To repeat my earlier maxim, if there is a statistically significant effect of placebo on an objective outcome, chances are it is either noise, fraud, questionable research practices, or a mischaracterization of a subjective outcome as objective. Here it was fuckery. This is a rare situation in which the truth was revealed. Unfortunately, for most of these bogus studies, we will never know the truth about how their implausible results were constructed.
Conclusion
Initially, the “placebo effect” appeared powerful because natural improvement (the episodic nature of conditions, regression to mean, or healing over time) was misinterpreted as an effect of suggestion. When placebo arms of controlled trials of treatments were compared to no-treatment arms, it was revealed that the effect of placebo was modest, if it existed at all, and was exclusively a function of subjective outcome measures (response bias or roleplaying). Studies designed specifically to exploit response bias in measuring a “placebo effect” were often able to produce large differences on self-reported outcomes, but never on objective outcomes like wound healing, pregnancy after IVF treatment, or any outcome measured by a laboratory test. Brain imaging studies seem to have confirmed, rather than refuted, the claim that the “placebo effect” is a phenomenon of response bias. Studies finding similar efficacy for “open-label placebos” lend more support to the conclusion that response bias drives placebo effects.
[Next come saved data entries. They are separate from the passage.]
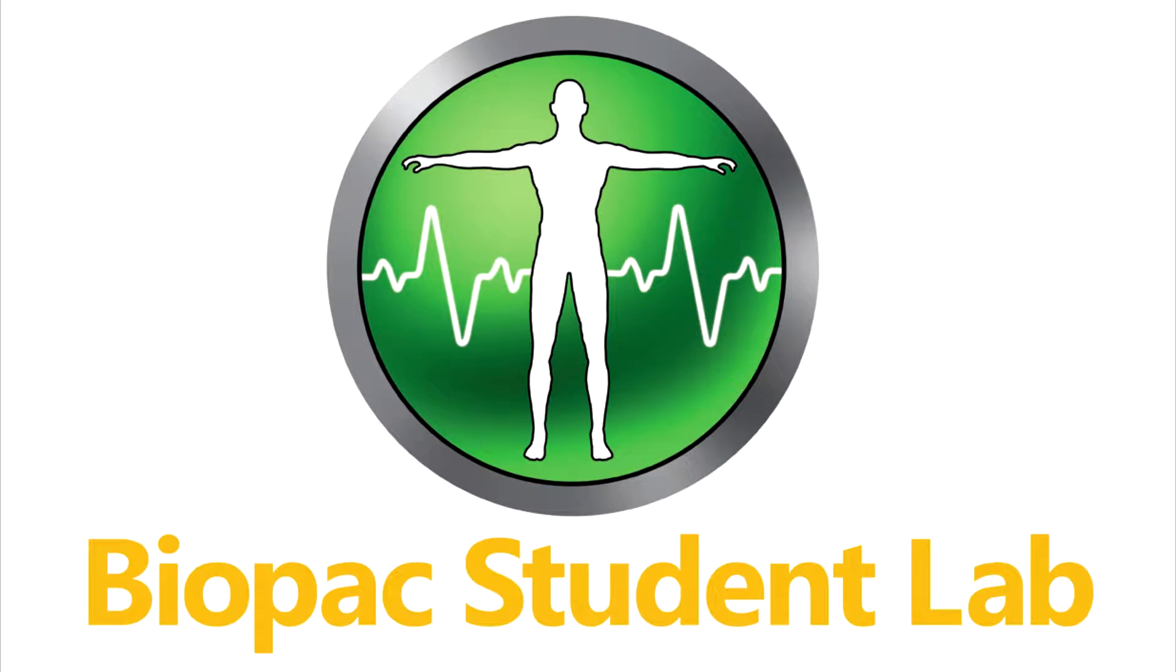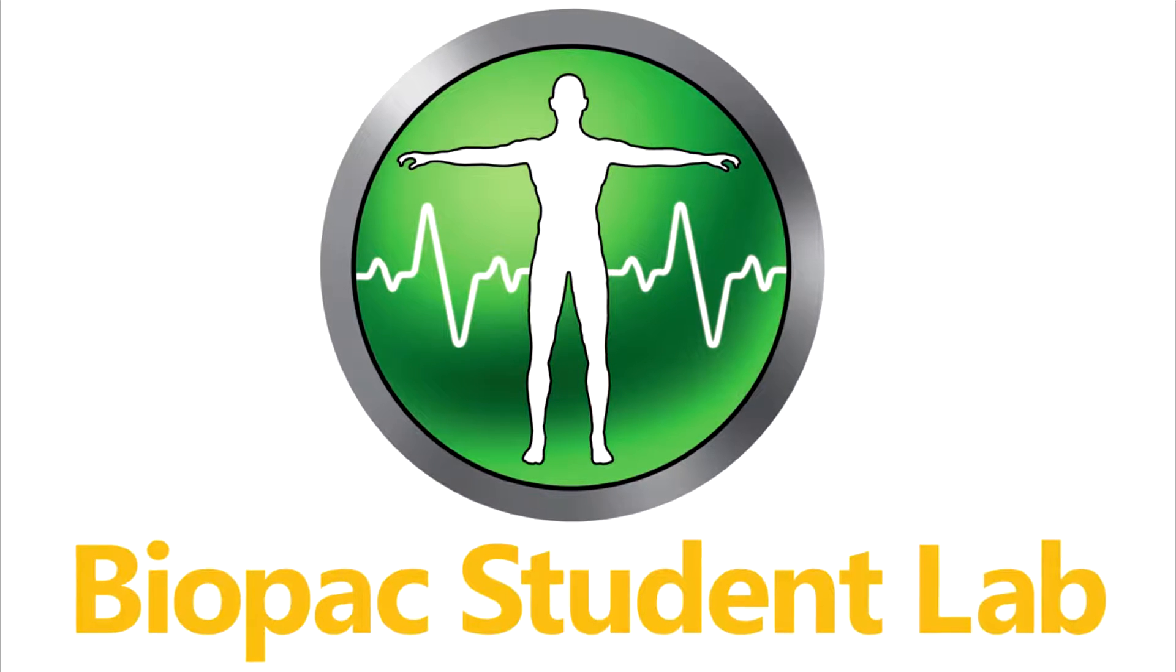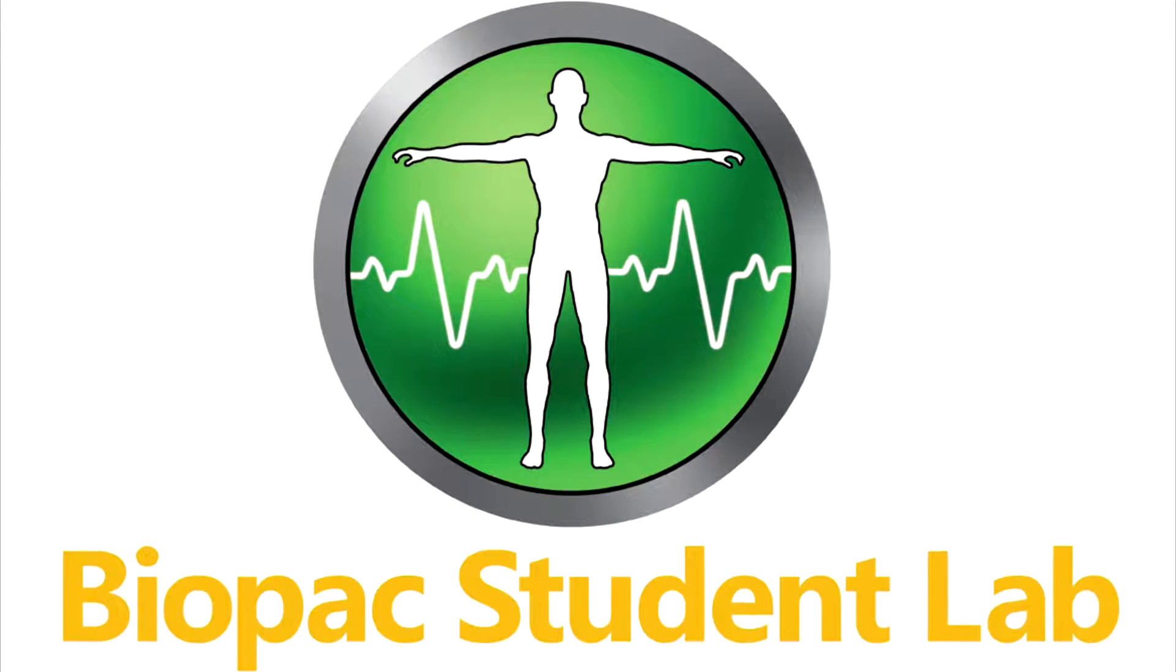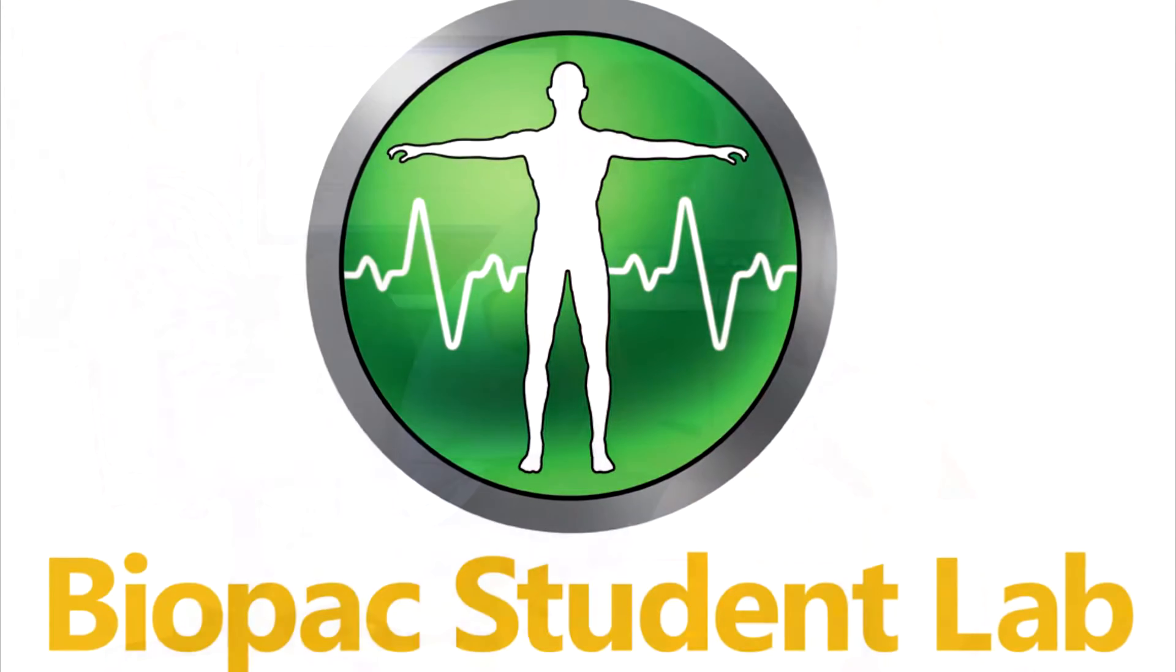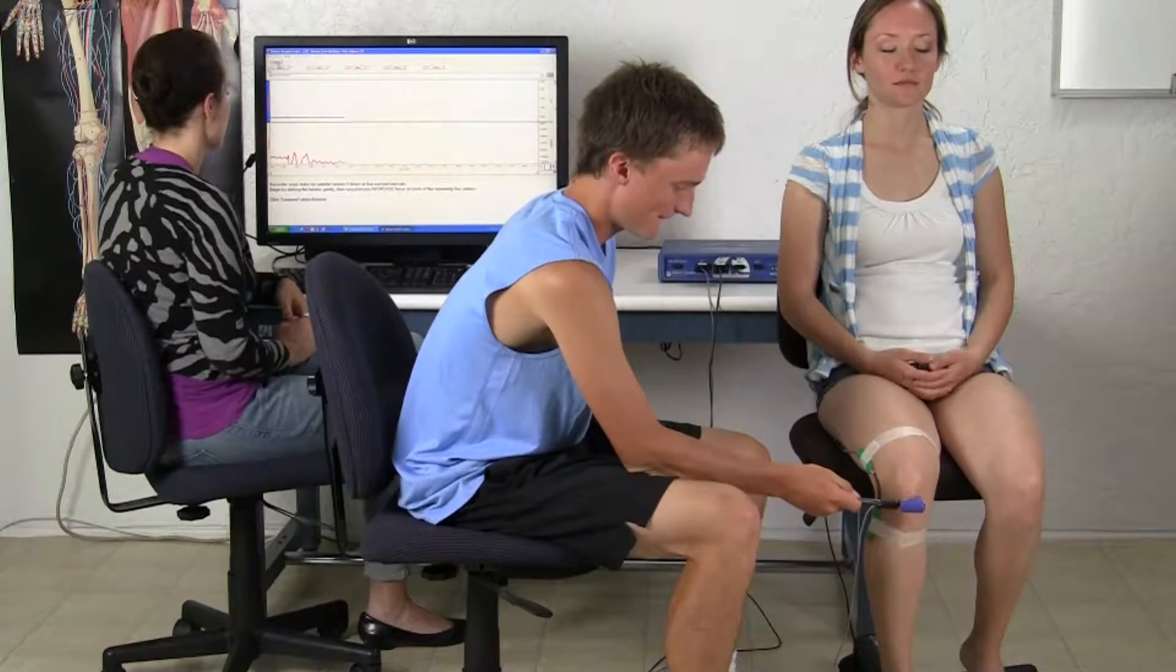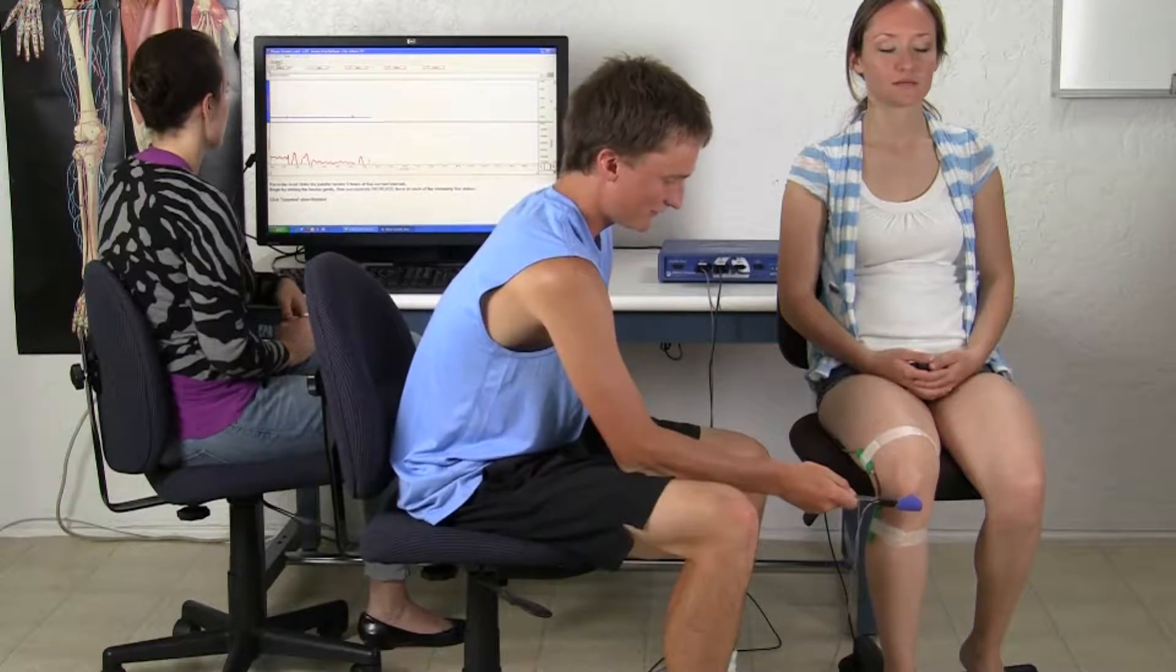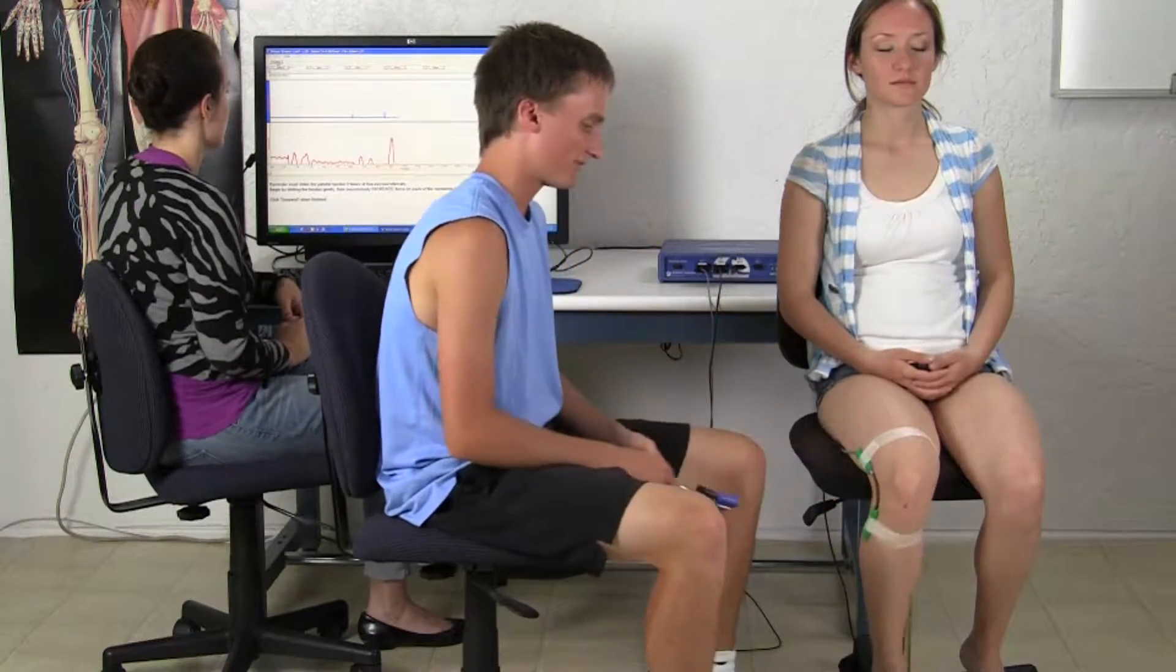The Biopac Student Lab is an integrated system of hardware, software, and curriculum used by thousands of labs worldwide at two-year, four-year, nursing and medical schools for undergraduate and graduate life science studies.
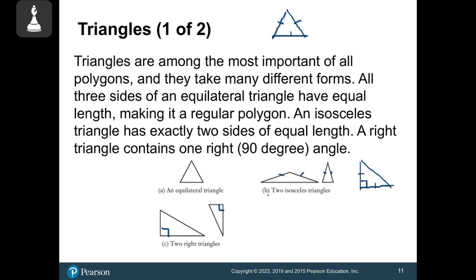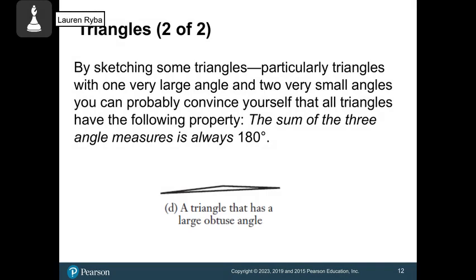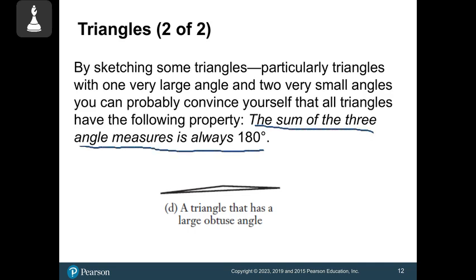Triangles can have acute, obtuse, or right angles, and any number of sides the same. If you add all three angles of any triangle together, you're going to get 180 degrees. It doesn't matter what size your triangle is or whether it has obtuse, right, or all acute angles — all the angles will always sum to 180.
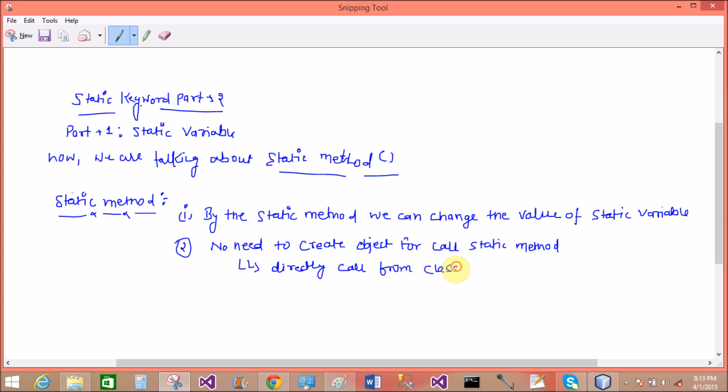Now come to the third part: what about the static method? There is no need to create object for call static method.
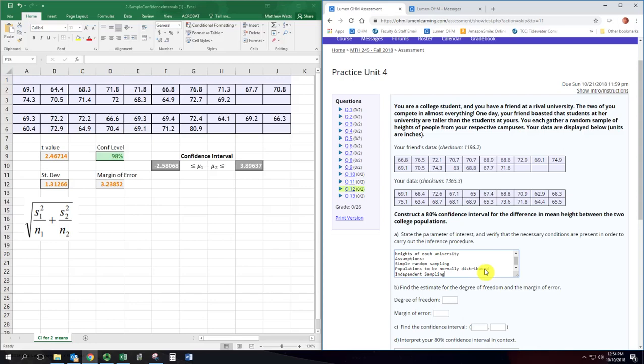And last but not least is that the population variances or standard deviations are unequal. Actually what we're going to do would work if they are equal. But there's a separate technique for that that's sometimes used. So this is specifically the technique for when it's not equal. And that's going to be how it is most of the time. In the same way most of the time you don't know the population standard deviation, when you have two population standard deviations you usually don't know if they're equal or not.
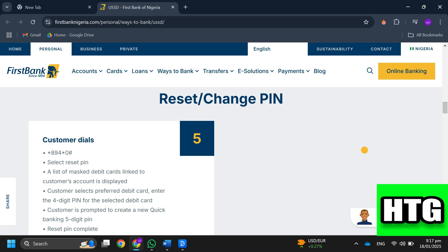Step 4: Select your preferred debit card and enter the 4-digit PIN for the selected card. Step 5: You will be prompted to create a new 5-digit quit banking PIN.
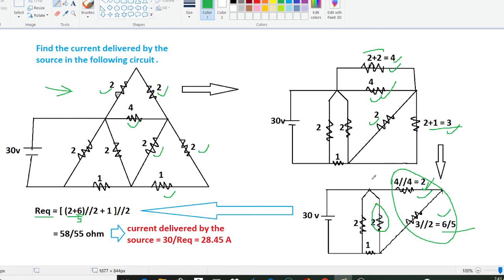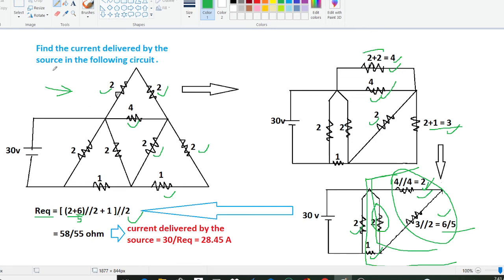And again the combination of this whole will be in series with this 1 ohm resistor, and the whole combination will be in parallel with these 2 ohm resistors. If you solve this, it will be 58 upon 55 ohms. Now here we need to determine the current delivered by the source, so the current delivered by the source will be 30 volts upon R equivalent. So 30 upon 58 upon 55 gives us the value as 28.45 amperes. This is our required current delivered by the source, which is 28.45 amperes.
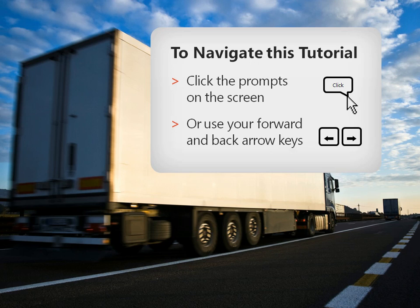To navigate this tutorial, either click the prompts indicated on the screen, or use your forward and back arrow keys to navigate through the steps.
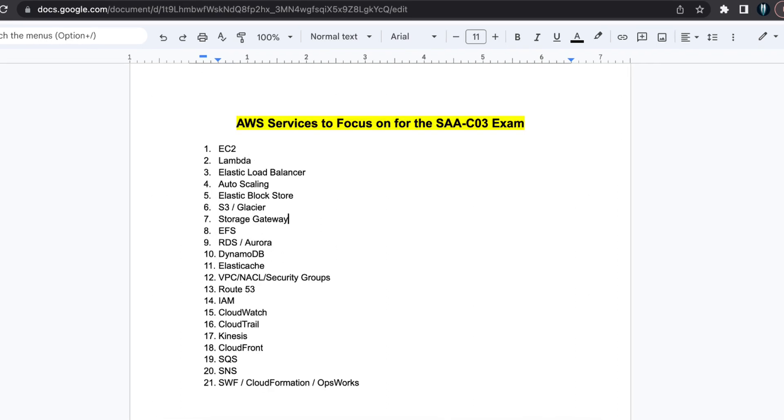By focusing on these core AWS services, you will be well prepared for Solutions Architect Associate SAA-C03 examination. Good luck with your studies. And a general reminder here, please ensure that you cross-reference this information with the official AWS documentation and the exam guide for most up-to-date and accurate information.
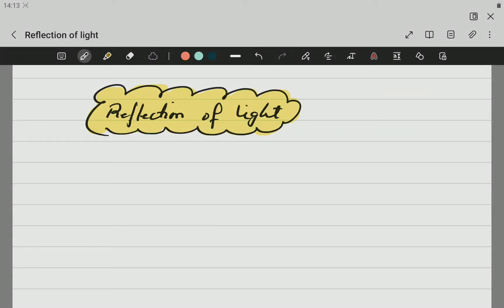Hello, Kray8 here, Mr. G, and in this video we are going to be looking at reflection of light. However, before we go there, let's quickly recall certain things we did before.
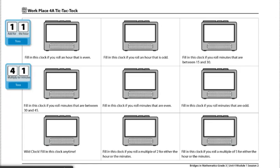These are directions for Workplace 4A Tic-Tac-Tock. Each pair of players will need two tic-tac-tock record sheets, two blue 1-6 dice, one green 1-6 die, one white 4-9 die, and one student clock, or you can use a math clock app which is on the bottom of your page.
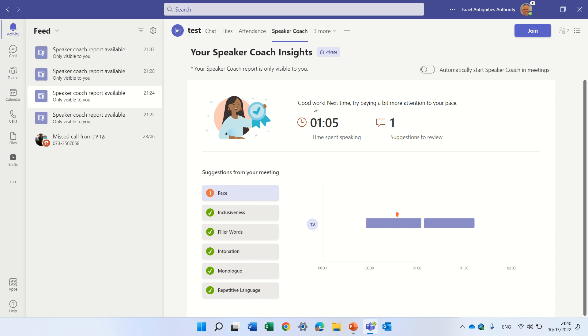But you see here good work next time. Try to pay attention and that's it. Goodbye.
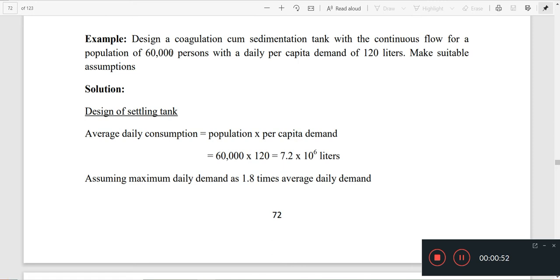We are going to find the population and per capita demand, then calculate the total liters of water. We calculate population into per capita demand to get the average daily consumption.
Animal models attempting to demonstrate a placebo effect in animals using a conditioning paradigm suffer from poor replicability, with studies with few quality or blinding issues finding no effect. Studies attempting to prove that the “placebo effect” involves the endogenous opioid system also suffer from poor replicability, with conflicting results from different laboratories. No large multi-center preregistered trial has confirmed the effect, although one such trial produced strong evidence against the involvement of the dopaminergic system. Related research on pain modulation casts doubt on whether the endogenous opioid system is involved with psychological pain modulation at all.
Large placebo and “mind-cure” effects are a common feature of research now known to be fraudulent. The available evidence supports a conclusion that the “placebo effect” is not a real healing effect, but a product of response bias, questionable research practices, and misunderstanding. Placebos only appear to have efficacy to the extent that subjects are encouraged to role-play as if they are effective, and any difference on self-report measures reflects roleplaying, not healing. Inert substances are in fact inert, and are not rendered effective by suggestion. The power of the placebo is to blind subjects and researchers in blinded research designs. The magnitude of “placebo effects” in necessarily-unblinded placebo-focused studies demonstrates the necessity of blinding, not a placebo effect.